*** SUPPLIED MATERIAL ***

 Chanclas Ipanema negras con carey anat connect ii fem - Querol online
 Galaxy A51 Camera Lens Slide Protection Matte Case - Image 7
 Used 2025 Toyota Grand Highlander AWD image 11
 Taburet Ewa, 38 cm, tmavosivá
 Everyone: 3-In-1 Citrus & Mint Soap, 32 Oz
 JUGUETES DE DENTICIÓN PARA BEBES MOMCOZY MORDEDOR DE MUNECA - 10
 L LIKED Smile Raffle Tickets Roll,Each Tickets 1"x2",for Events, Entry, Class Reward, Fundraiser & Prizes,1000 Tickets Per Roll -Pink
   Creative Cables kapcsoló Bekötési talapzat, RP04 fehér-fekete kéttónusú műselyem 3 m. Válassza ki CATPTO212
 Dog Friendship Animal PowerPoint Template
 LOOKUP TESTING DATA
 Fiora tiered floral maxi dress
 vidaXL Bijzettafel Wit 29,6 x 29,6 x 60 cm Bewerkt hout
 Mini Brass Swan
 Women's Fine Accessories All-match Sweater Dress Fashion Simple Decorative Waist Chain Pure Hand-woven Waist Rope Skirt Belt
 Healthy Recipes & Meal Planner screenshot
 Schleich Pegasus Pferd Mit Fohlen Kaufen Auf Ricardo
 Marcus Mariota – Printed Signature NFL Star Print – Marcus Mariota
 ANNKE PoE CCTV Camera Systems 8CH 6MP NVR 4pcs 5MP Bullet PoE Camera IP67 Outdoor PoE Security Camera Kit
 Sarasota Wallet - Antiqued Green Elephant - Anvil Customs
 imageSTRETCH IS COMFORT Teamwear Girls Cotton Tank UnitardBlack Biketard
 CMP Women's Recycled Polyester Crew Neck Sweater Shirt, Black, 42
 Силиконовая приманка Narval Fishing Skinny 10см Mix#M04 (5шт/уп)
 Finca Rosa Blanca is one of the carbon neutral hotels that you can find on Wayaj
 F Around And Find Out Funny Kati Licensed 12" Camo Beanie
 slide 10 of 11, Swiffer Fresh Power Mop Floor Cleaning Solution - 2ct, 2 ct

*** End of SUPPLIED MATERIAL ***

### TASK
What is the number of lines in the records that include the word "Sweater"? Answer with that number only.

### THE COMPLETED TASK
2